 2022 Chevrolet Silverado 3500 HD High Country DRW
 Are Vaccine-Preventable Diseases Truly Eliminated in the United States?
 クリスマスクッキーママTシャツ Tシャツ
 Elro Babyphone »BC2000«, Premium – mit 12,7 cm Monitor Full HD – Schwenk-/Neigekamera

==

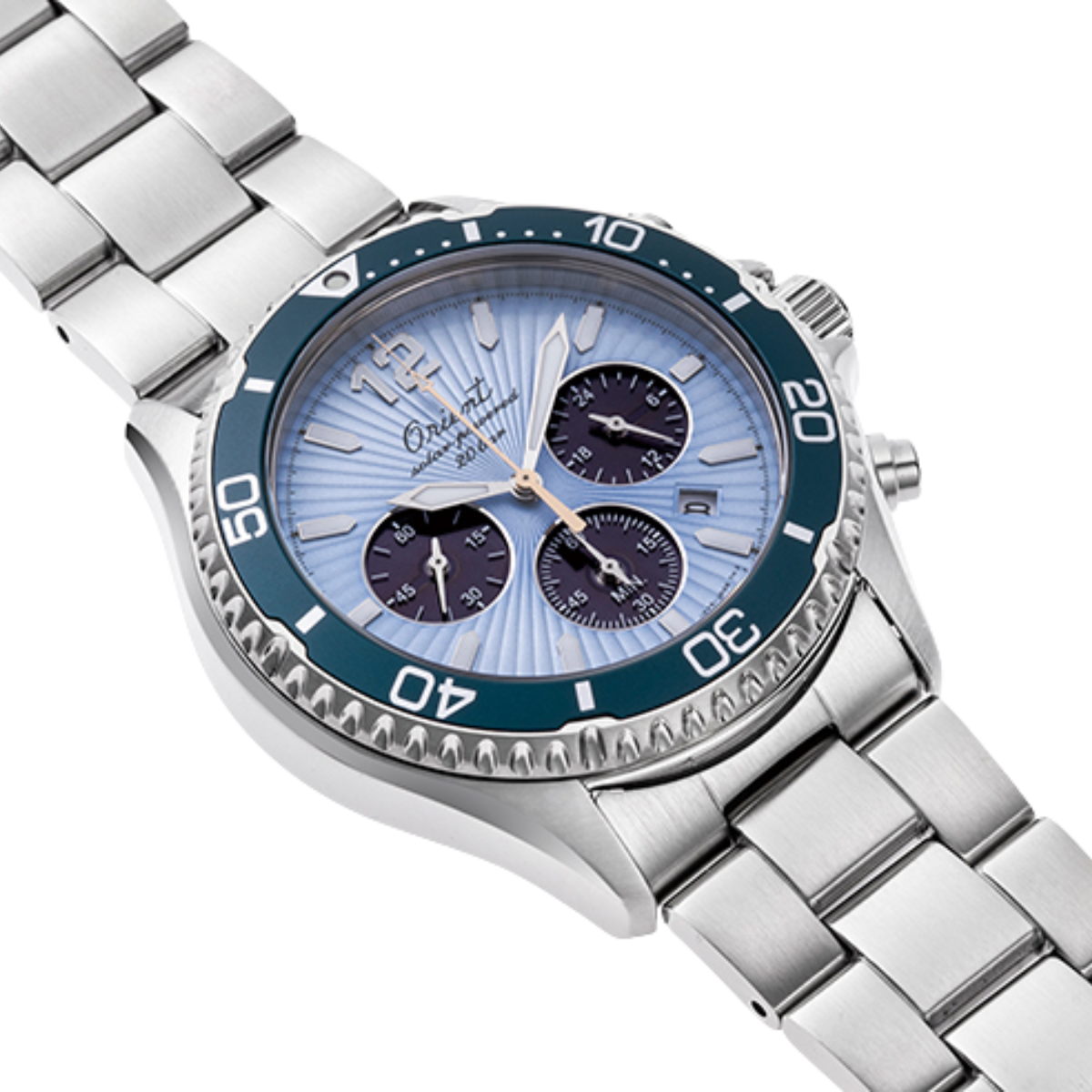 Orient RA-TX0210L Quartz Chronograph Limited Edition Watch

==

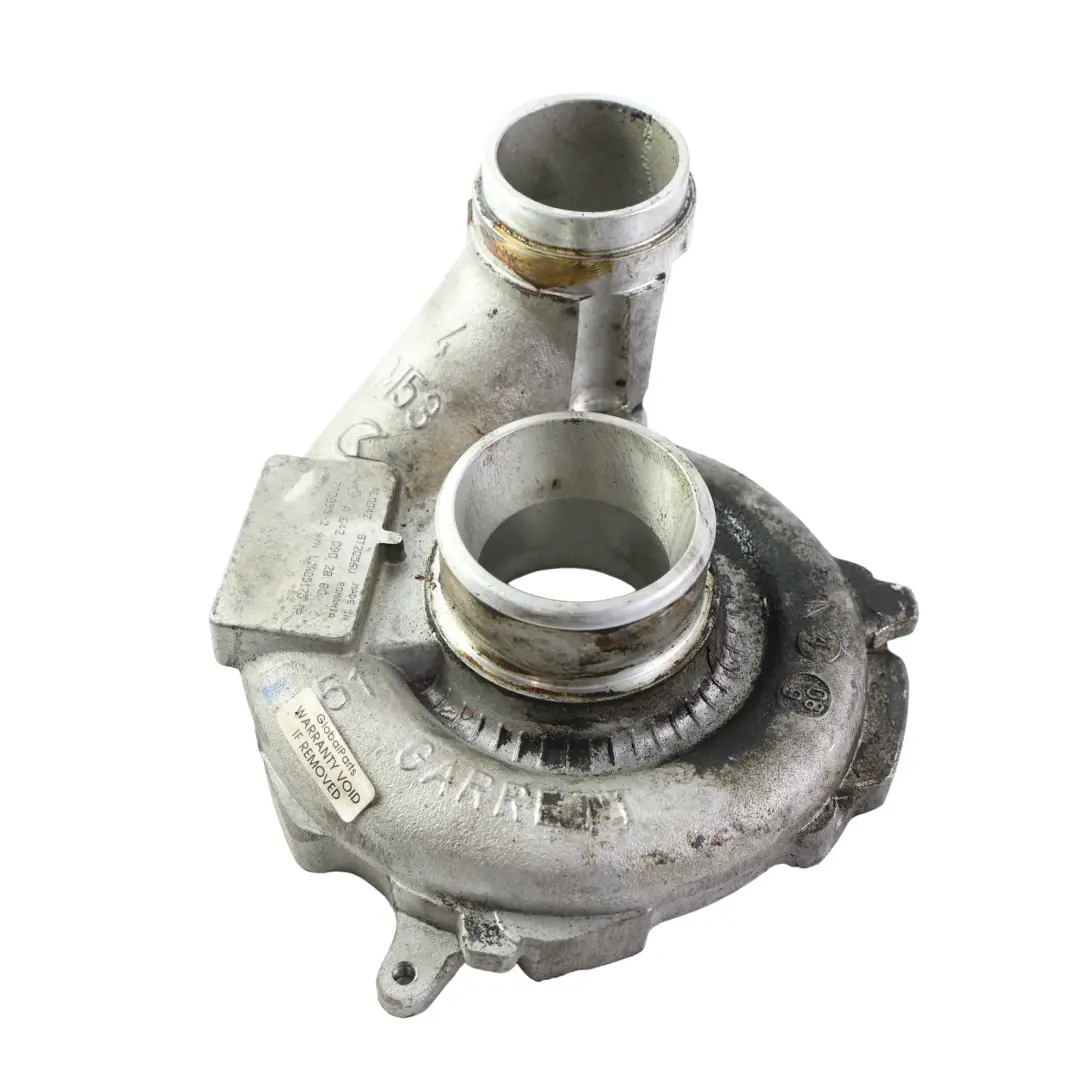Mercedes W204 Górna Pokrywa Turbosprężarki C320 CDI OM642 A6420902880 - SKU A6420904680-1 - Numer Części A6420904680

Your instructions:
What is asked for is an exact copy of the lines above from the one containing "クリスマスクッキーママTシャツ Tシャツ" through the one containing "HD – Schwenk-/Neigekamera", and only those.

Response to this task:
 クリスマスクッキーママTシャツ Tシャツ
 Elro Babyphone »BC2000«, Premium – mit 12,7 cm Monitor Full HD – Schwenk-/Neigekamera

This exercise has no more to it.